Nem belas, nem recatadas, nem do lar é o que uma voz coletiva que não conhece fronteiras grita e isso tem consequências entre-nós.

O recente caso de violação coletiva de uma jovem de 16 anos, no Brasil, representa, por si só, a expressão de um crime hediondo e inaceitável, não só pela sua marca de género, mas também porque representa um atentado à própria ideia de Humanidade, a qual não pode ser pensada na ausência de, pelo menos, quatro predicados éticos: a igualdade, a dignidade, a liberdade e a felicidade. Esta ideia de Humanidade é universal, porém nunca é abstrata, uma vez que o seu sentido, antes de ser jurídico ou ético, é político e radica no corpo e na história particular de cada ser humano, individual e irrepetível. Trata-se de um crime tão inaceitável como insuportável e que impressiona pelos números associados, entre os dos agressores e a soma de mais uma mulher às gritantes estatísticas da violência machista tornada prática comum. Mas a sua condenação é absoluta e refere-se primeiramente à defesa da singularidade humana daquela rapariga. Assim, o crime de violação, tal como todas as formas de violência de género, é inaceitável em princípio e sempre grave em qualidade. Os agravantes quantificáveis apenas reatualizam a sua natureza criminosa.
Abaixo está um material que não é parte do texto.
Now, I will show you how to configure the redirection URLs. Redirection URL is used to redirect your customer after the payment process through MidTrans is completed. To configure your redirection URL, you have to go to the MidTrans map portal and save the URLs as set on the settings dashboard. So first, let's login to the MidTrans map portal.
Mas é preciso dizer mais e, sobretudo, fazer mais, pois os contornos deste caso, o seu contexto e carácter público, a ação das instituições e as consequências sociais que já protagoniza obrigam-nos a considerar pelo menos duas lições.
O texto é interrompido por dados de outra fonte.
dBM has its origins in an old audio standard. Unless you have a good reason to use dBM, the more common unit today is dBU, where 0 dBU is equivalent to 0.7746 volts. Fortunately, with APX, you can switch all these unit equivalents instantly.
O que se sabe sobre as condições em que a agressão teve lugar, as publicações dos vídeos da agressão nas redes sociais e os likes associados, os suspeitos ilibados e os torturados, os delegados machistas e as perícias que apenas insultam a dignidade da vítima, então julgada no espaço público enviesado dos media, das redes sociais, enfim da sociedade medíocre e mediatizada, ela sim, de modo cruel e gratuito, feita culpada do crime que a tornou uma coisa supérflua e lhe roubou a humanidade, tudo isto num Brasil onde a cada 11 minutos uma mulher é violada ou a cada 4 minutos uma mulher chega aos serviços de saúde por ter sofrido violência física, onde a “cultura do estupro” é a regra, o direito ao corpo é limitado e o aborto é crime, o governo não-eleito é apenas composto por homens e o presidente golpista nomeia uma militante anti-aborto para a Secretaria de Mulheres, um deputado pode dizer a uma deputada que só não a estupra porque ela não merece e não perde o mandato, o ministro da educação recebe Alexandre Frota como conselheiro, o ator que confessou recentemente num programa de televisão, impunemente e com aplausos da plateia, a violação de uma mãe-de-santo… Há muito mais para acrescentar entre vírgulas, basta pesquisar. Porém, o que esta enunciação torna evidente é a intuição da lição que a institucionalização da igualdade, o poder vazio do Direitos Humanos tornados palavras vãs, a democracia-fantoche e a hipocrisia social não podiam esconder para sempre: a banalidade do machismo.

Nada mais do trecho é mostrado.